- [AVAILABLE DATA]
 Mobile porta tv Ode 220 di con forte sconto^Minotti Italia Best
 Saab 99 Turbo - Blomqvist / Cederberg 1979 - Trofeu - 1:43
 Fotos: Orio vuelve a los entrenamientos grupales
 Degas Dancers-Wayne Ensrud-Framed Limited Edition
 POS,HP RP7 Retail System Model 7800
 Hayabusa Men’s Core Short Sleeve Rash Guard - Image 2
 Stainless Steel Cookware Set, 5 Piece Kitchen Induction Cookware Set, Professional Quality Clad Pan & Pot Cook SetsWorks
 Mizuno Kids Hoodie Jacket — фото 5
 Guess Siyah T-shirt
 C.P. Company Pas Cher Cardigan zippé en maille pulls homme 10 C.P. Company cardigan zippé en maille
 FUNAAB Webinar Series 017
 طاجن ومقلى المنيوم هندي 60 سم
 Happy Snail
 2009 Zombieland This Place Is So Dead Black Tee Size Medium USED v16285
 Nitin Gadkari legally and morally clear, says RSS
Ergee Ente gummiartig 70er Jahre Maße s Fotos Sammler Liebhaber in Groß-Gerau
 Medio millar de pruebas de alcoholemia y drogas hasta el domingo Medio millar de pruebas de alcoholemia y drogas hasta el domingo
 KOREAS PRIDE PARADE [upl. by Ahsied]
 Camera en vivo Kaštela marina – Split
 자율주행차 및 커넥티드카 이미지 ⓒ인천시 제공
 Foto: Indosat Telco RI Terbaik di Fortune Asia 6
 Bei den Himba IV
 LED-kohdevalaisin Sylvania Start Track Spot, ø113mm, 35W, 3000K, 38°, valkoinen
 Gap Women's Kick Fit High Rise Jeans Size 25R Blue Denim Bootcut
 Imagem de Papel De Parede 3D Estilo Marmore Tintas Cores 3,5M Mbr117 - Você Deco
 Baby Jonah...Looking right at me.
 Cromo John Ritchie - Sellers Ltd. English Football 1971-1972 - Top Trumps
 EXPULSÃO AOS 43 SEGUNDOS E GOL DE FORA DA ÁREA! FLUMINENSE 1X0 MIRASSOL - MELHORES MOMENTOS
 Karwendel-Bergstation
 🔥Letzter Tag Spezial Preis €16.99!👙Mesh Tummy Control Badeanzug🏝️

- [WHAT TO PRODUCE] In the material above, tally every line with the string "Size" in it, then give that number alone.

- [EXERCISE SOLUTION] 2